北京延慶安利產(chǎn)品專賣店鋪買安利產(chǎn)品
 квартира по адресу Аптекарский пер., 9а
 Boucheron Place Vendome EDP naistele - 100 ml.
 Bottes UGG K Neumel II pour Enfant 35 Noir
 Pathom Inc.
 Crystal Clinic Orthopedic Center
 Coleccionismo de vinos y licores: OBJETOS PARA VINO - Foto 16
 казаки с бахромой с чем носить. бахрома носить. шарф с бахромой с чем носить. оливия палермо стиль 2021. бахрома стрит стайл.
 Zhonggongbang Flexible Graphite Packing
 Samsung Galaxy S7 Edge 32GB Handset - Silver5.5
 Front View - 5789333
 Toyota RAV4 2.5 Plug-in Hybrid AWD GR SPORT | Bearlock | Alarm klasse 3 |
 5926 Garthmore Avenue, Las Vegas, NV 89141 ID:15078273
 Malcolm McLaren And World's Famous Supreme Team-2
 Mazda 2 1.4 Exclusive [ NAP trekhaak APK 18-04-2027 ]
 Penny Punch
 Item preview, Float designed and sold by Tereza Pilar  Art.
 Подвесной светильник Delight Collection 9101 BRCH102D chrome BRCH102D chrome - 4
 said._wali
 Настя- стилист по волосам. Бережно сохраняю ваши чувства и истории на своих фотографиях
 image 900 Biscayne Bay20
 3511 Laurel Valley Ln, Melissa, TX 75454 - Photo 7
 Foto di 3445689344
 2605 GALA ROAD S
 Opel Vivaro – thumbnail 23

=-=-=-=-=

TASK DIRECTIONS — The required answer is each line of the data in which the word "Foto" appears.

EXPECTED OUTPUT —
 Coleccionismo de vinos y licores: OBJETOS PARA VINO - Foto 16
 Foto di 3445689344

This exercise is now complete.